Through his imagery of the outdoors, including Lake Superior, the St. Louis River, the Boundary Waters Canoe Area Wilderness (BWCAW), and Voyageurs National Park, Edmondson seeks to show his audience “how I see the world, which I imagine is very different from how other people see the world.” He believes that America’s public lands belong to all of us and that we all have the right to take ownership of them. Edmondson’s photographs give us intimate looks into the region's wild places, places that Franklin D. Roosevelt referred to as the “rightful heritage” of all Americans.

Born in Columbus, Ohio, Edmondson had a passion for the outdoors from an early age. In junior high school he became interested in birds after doing a report on the Philippine eagle. Taken under the wing by a high school art teacher who was an avid bird watcher, he was inspired to take birding more seriously. Photography was initially a means to document the birds he spotted on his travels across the country visiting national parks, wildlife refuges, and other wild places. The desire to be closer to wilderness led him to Minnesota’s North Shore, where he began his career as a professional freelance photographer. Edmondson’s photography career spans nearly three decades, and his work has been featured in galleries and in nearly 100 publications around the world. Today, Edmondson resides near Duluth’s Hawk Ridge Bird Observatory, where he can observe migrating hawks, allowing him to birdwatch in his own backyard.

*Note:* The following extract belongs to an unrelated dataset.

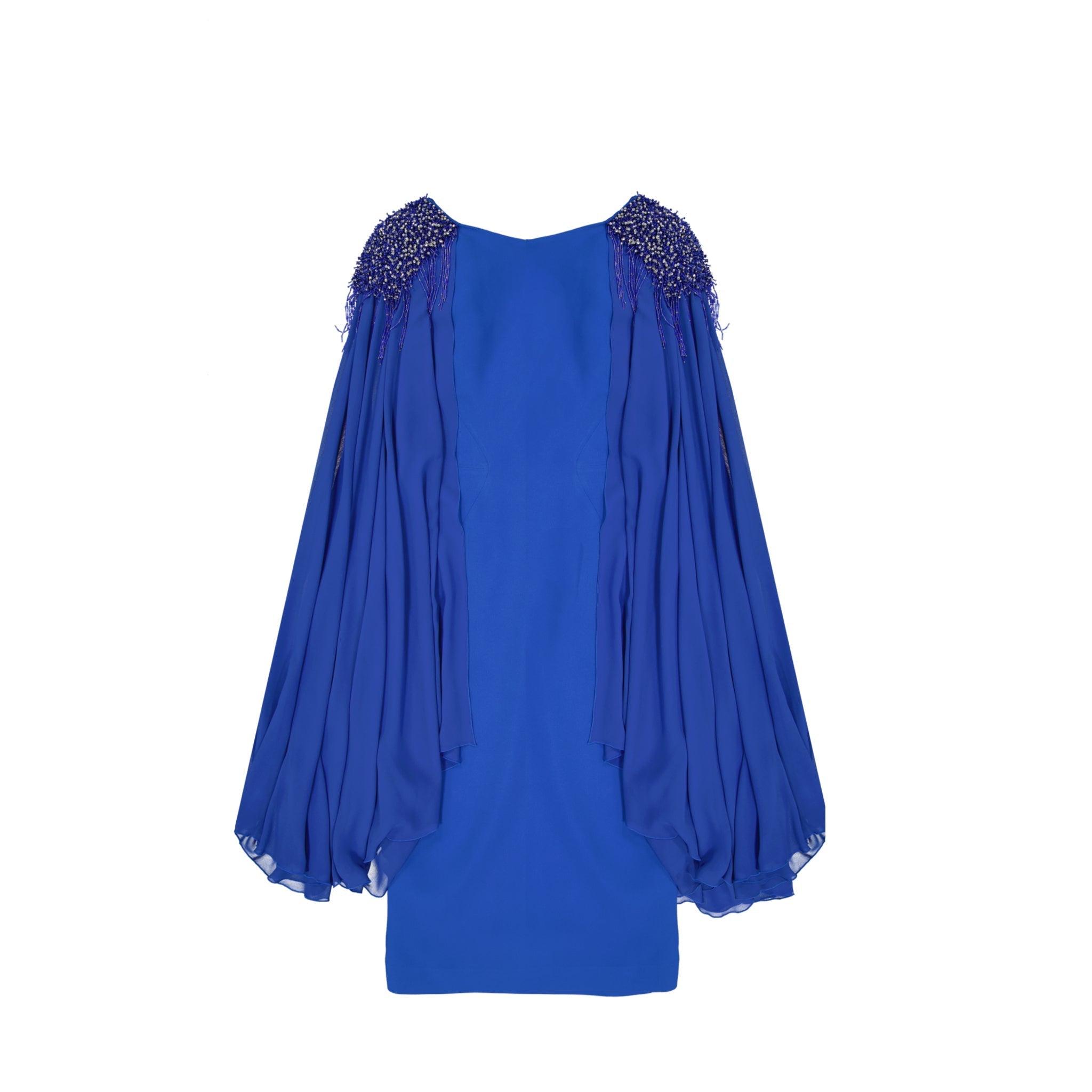 IVAN MONTESI-OUTLET-SALE-Dress BLAU-ARCHIVIST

Edmondson has observed that people of color are underrepresented outdoors. He states his philosophy as an African American outdoorsman,“ I belong to be where I choose to be. Because I am passionate about access to public lands, I refuse to allow anybody to deny me that privilege. As an American tax-payer, the lands belong to me like they belong to anyone else.” An effort to encourage outdoor recreation and eliminate barriers to outdoor access led to the publication of his landmark book Black and Brown Faces in America’s Wild Places, which profiles African Americans in nontraditional vocations and avocations in the outdoors. Edmondson’s goal is to create a set of “outdoor role models” for the African American community and tries to “encourage African Americans to feel that same determination and passion for accessing public lands” as he does.

 
 

Dudley Edmondson. Photo by Chad Brown.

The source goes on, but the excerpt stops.